Musab al-Buraim, spokesman of Islamic Jihad, the second largest militant faction in Gaza, said in a short statement that it too was committed to “resistance.”

Representatives of both Hamas and Islamic Jihad visited Egypt this week to discuss the understandings reached with Israel to reduce tensions. The Egyptians have spent months trying to forge a long-term truce agreement between the sides in an effort to bring calm and ease the dire humanitarian situation in for two million Gazans.

But Saturday’s unrest, disrupting the lives of so many Israeli citizens, could impact attempts by Netanyahu to form a coalition after being re-elected for a fifth term. His last government began to unravel after a similar flare-up with Gaza, when then Defense Minister Avigdor Liberman resigned after calling for a tougher approach to the rocket fire.

Standing down from his post last November, Liberman, head of the hawkish Yisrael Beitenu party, said that agreeing to the cease-fire with Hamas was “surrendering to terror.” He said proposed firmer military action against Hamas and other militant factions in Gaza, even if this risked a wider conflict.

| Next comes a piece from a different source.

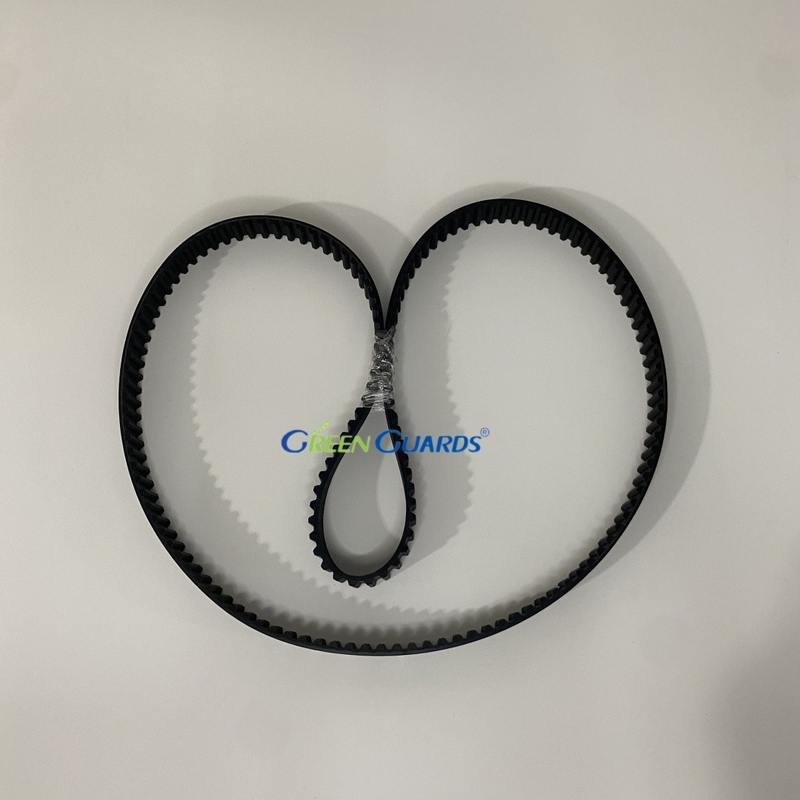 Bagian mesin pemotong rumput sabuk-sinkron G125-0765 Fits Toro Multi Pro 1750 semprot rumput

In March, Netanyahu’s trip to Washington to meet with President Trump and speak at the annual AIPAC policy conference was cut short after a rocket fired from Gaza slammed into a house in central Israel.

Rocket fire and airstrikes similar to Saturday happens periodically.

In 2014, a 50-day deadly war between Israel and Hamas saw hundreds of rockets being fired into Israel, reaching as far as Tel Aviv and massive Israeli aerial bombardments, killing more than 2000 Palestinians. More than 70 Israelis and one foreign national were also killed.

There were worries in Israel that unrest could disrupt preparations for the Eurovision Song Contest, an international singing event taking place in Tel Aviv later this month. Contestants from across Europe are already in Israel to prepare for the event.